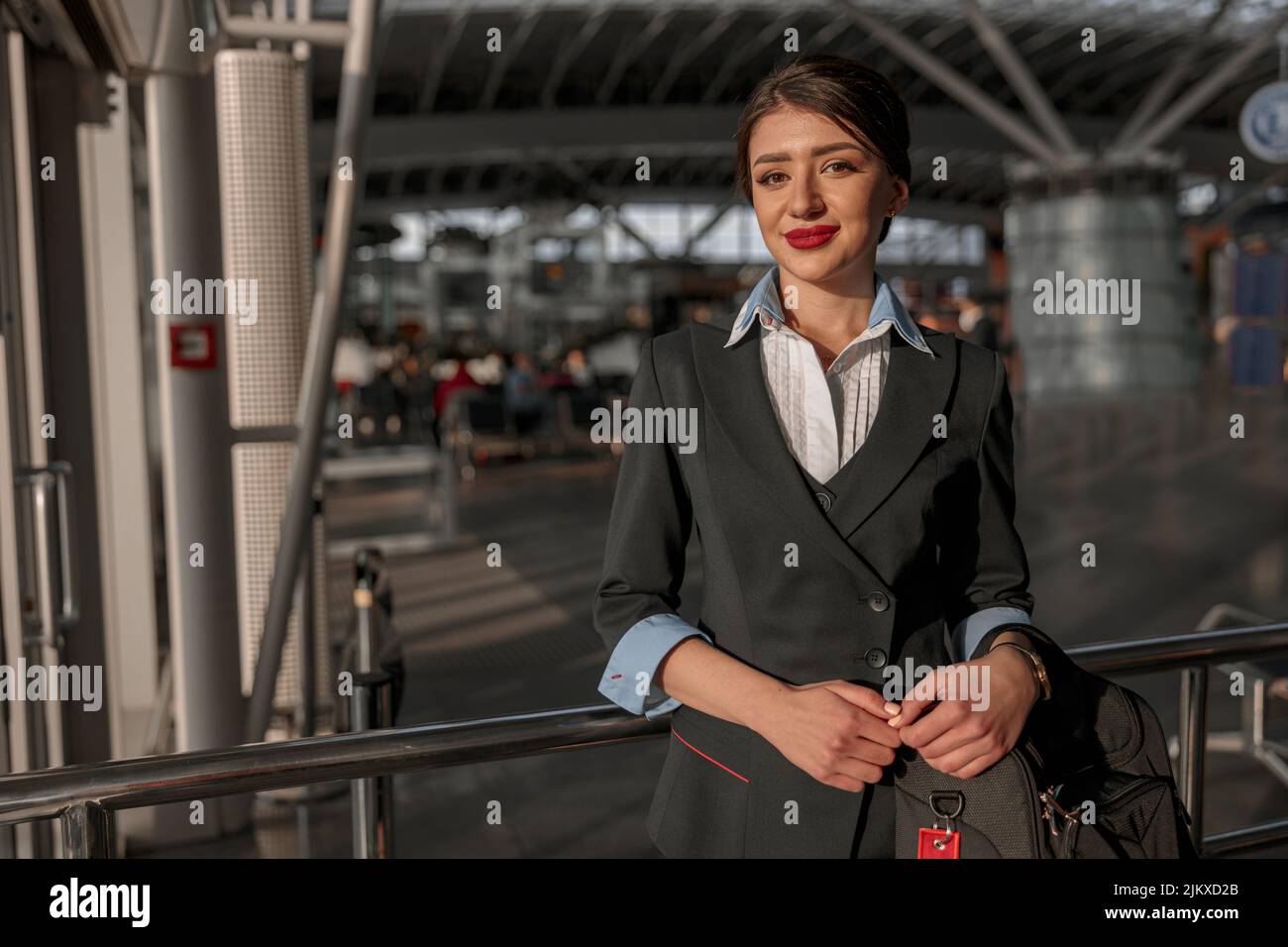 Smiling beautiful air hostess holding bag and posing at camera Stock Photo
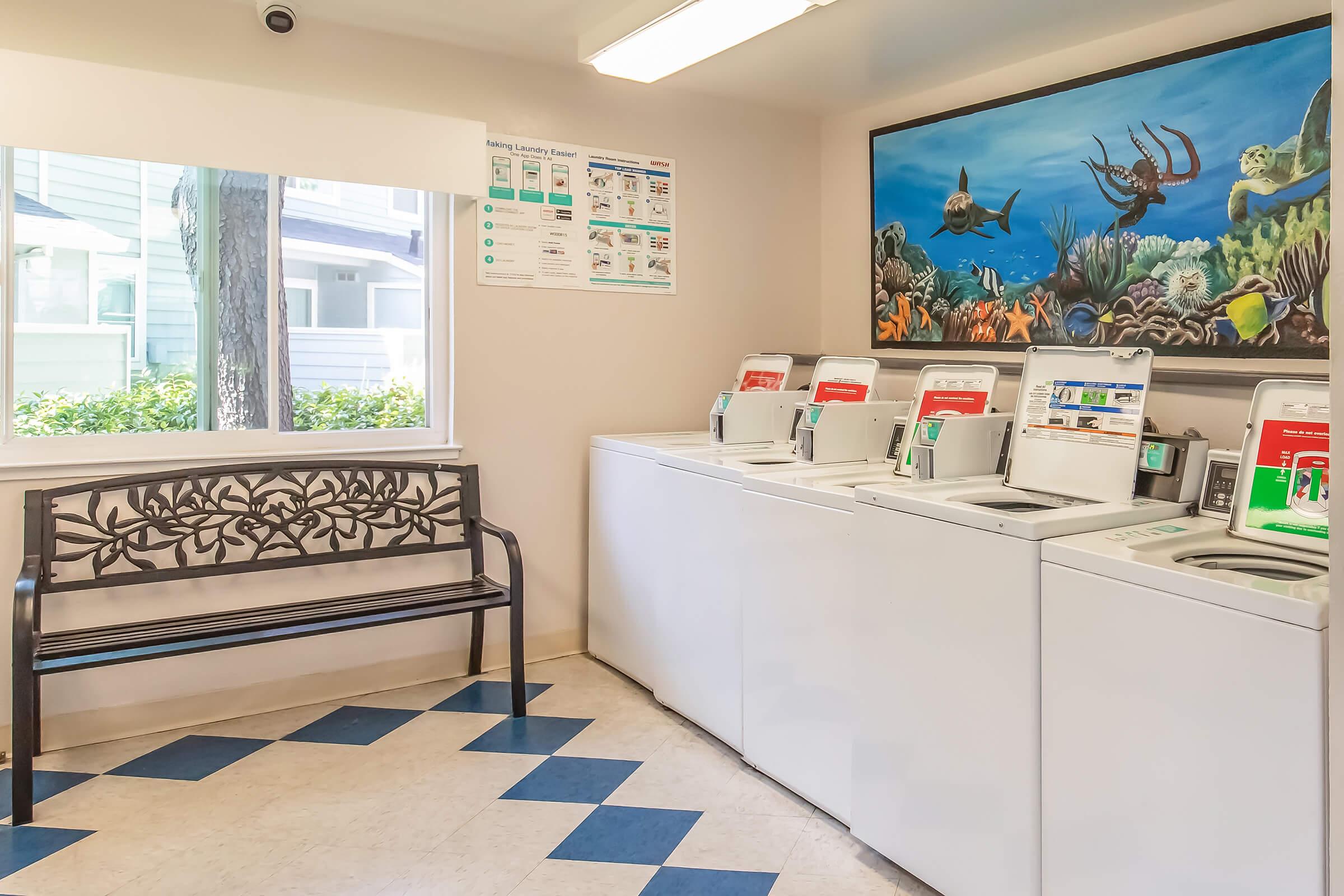 Interior view of a laundry facility featuring a seating area with a decorative bench. There are multiple washing machines with digital displays. A colorful underwater-themed mural adorns the wall, depicting marine life such as fish and corals. Natural light comes in through a window.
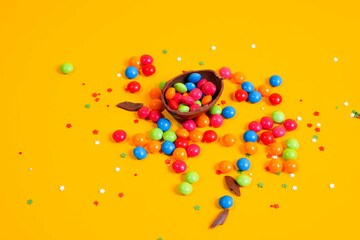 Chocolate Easter eggs with colored candies on a yellow background.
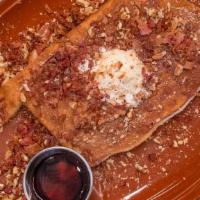 Famous Pancake · One Famous Cake made with Sweet Cream Batter, Bacon, Local Pecans, Bourbon Maple Glaze & Mas...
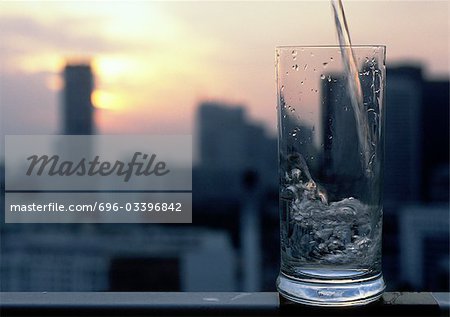 Glass with ice and straw in front of blurred cityscape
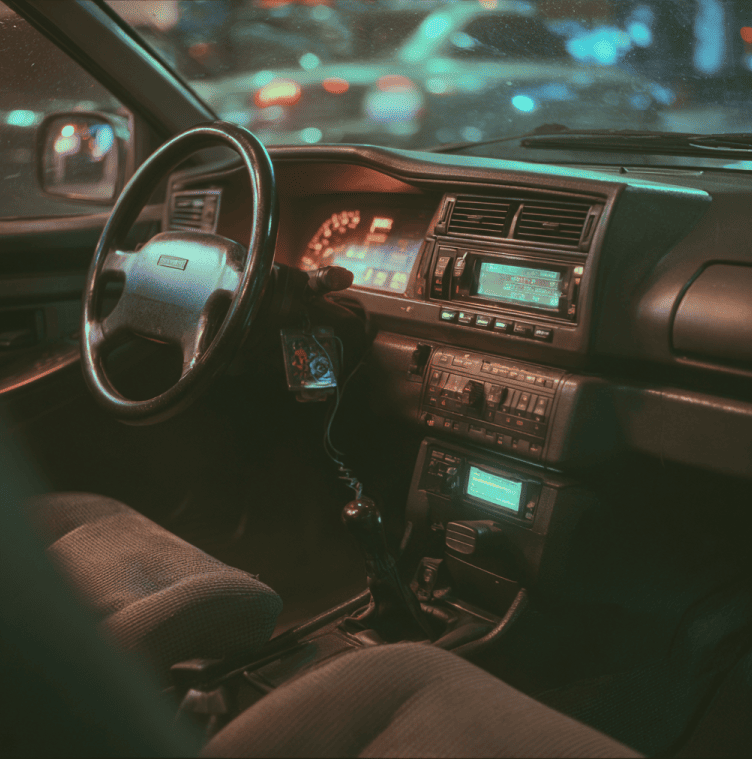 OBD-II diagnostic port under a car dashboard illustrating the introduction of standardized vehicle self-diagnostics.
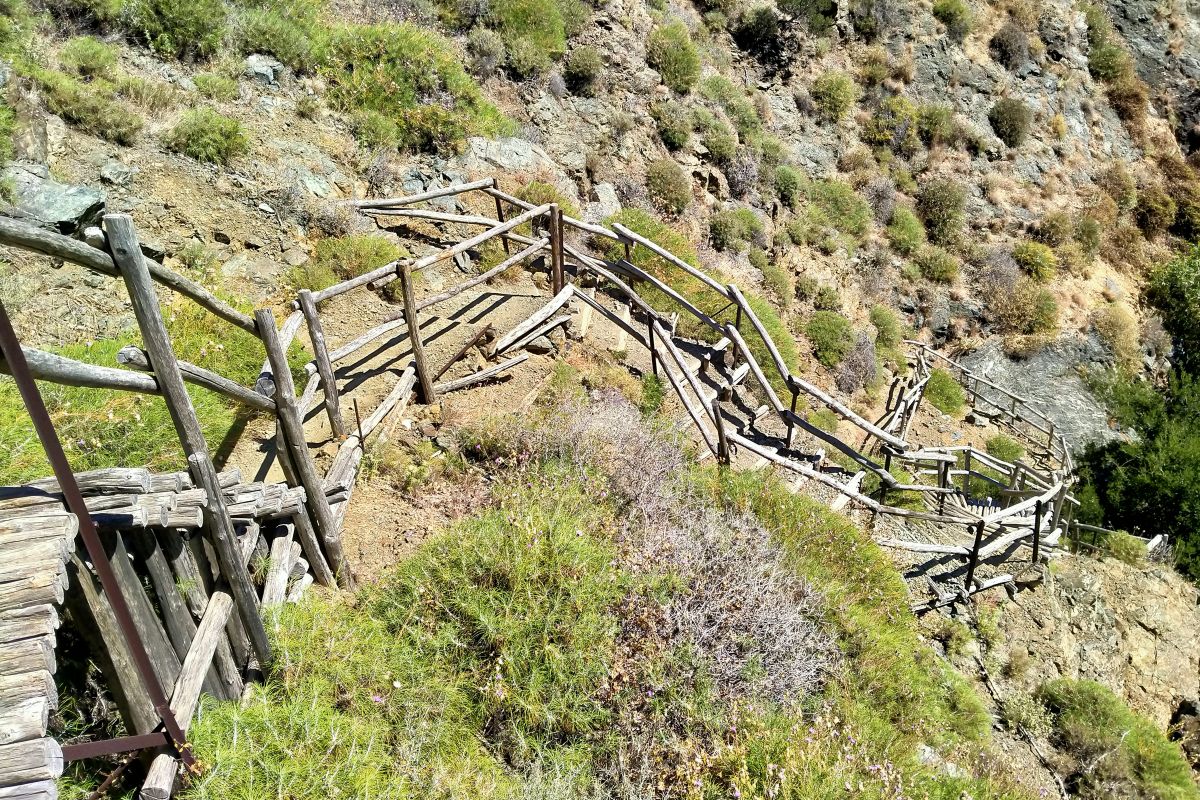 Wooden zigzag path with railings on a steep hillside in Richtis Gorge, a scenic hiking trail among the Crete gorges.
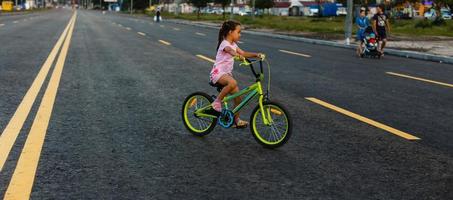 bambini apprendimento per guidare un' bicicletta su un' viale fuori. poco ragazze equitazione Bici su asfalto strada nel il città indossare caschi come protettivo Ingranaggio. foto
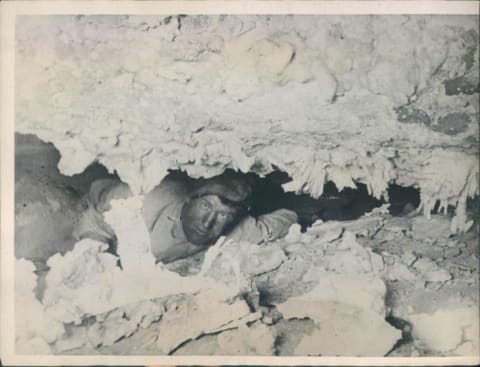 Floyd Collins navigates a tight spot in Crystal Cave.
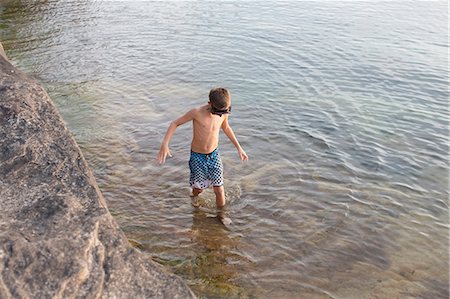 simsearch:614-03455029,k - High angle view of teenage boy paddling in Lake Superior, Au Train, Michigan, USA Stock Photo - Premium Royalty-Free, Code: 614-08876831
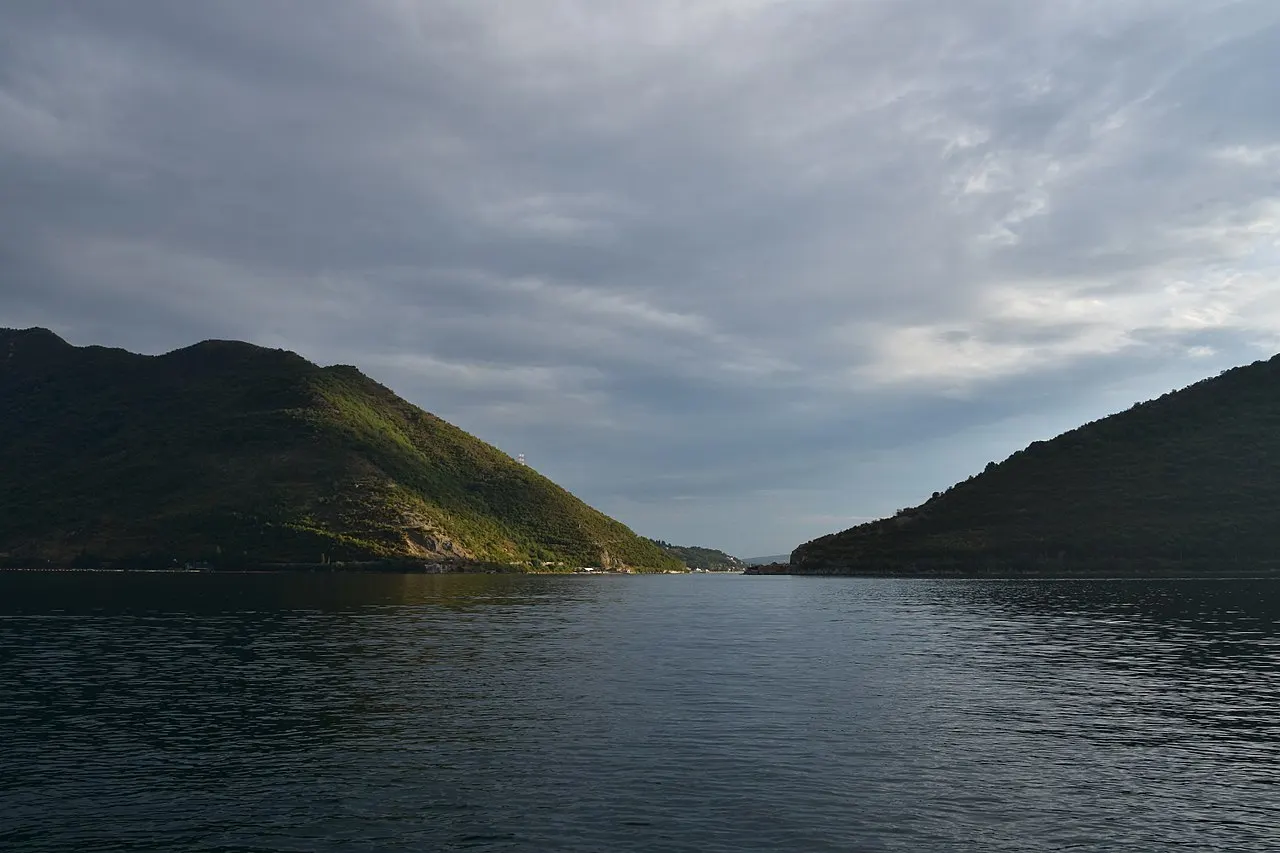 The Bay of Kotor near Perast in warm light, mountains glowing above the water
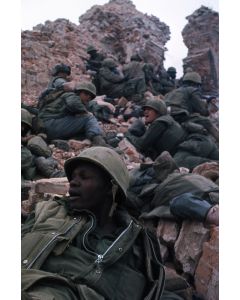 Marines scale a mound of rubble in the Citadel, 1968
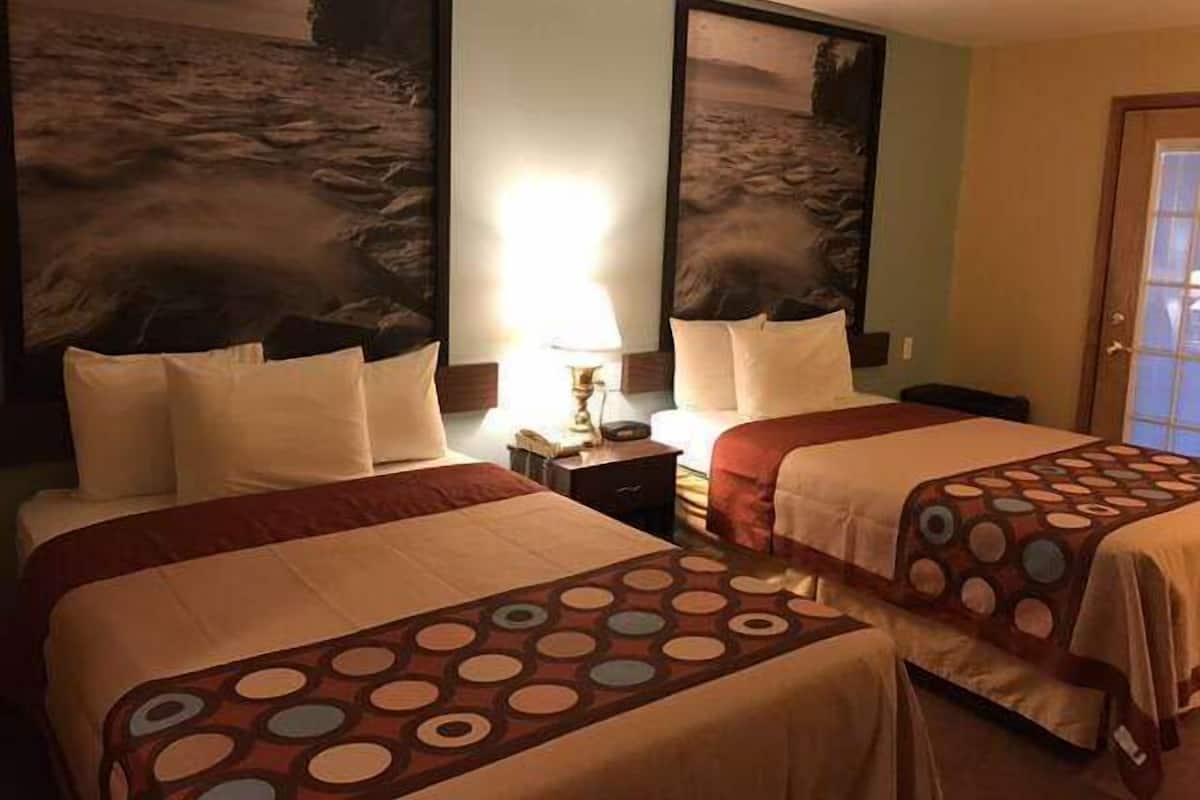 Hotelkamer met twee bedden, elk voorzien van een gebedekt sprei en kussens. Twee grote landschapsschilderijen hangen aan de muren, een nachtkastje met een lamp, en een deur met een geëtste ruit.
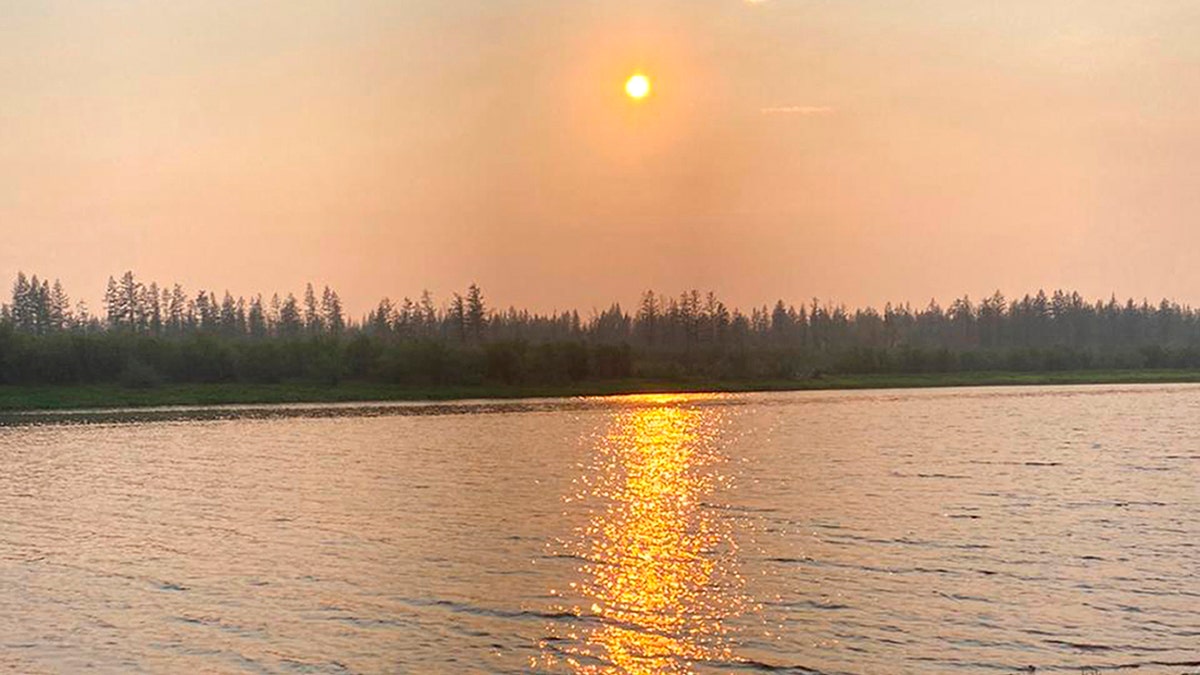 In this handout photo taken June 23, and provided by Olga Burtseva, a beach on the bank of Yana river is empty due to hot weather, during sunset outside Verkhoyansk, the Sakha Republic, about 2,900 miles northeast of Moscow, Russia.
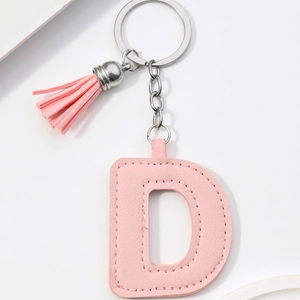 Pink PU leather letter D keychain with elegant matching tassel and gold-tone metal ring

════════

### TASK ITEM
The stretch above running from the line with "Wooden zigzag path" through the line with "Floyd Collins navigates" is all you should copy, exactly, leaving out the pictures.

### SOLUTION TO THE PROBLEM
 Wooden zigzag path with railings on a steep hillside in Richtis Gorge, a scenic hiking trail among the Crete gorges.
 bambini apprendimento per guidare un' bicicletta su un' viale fuori. poco ragazze equitazione Bici su asfalto strada nel il città indossare caschi come protettivo Ingranaggio. foto
 Floyd Collins navigates a tight spot in Crystal Cave.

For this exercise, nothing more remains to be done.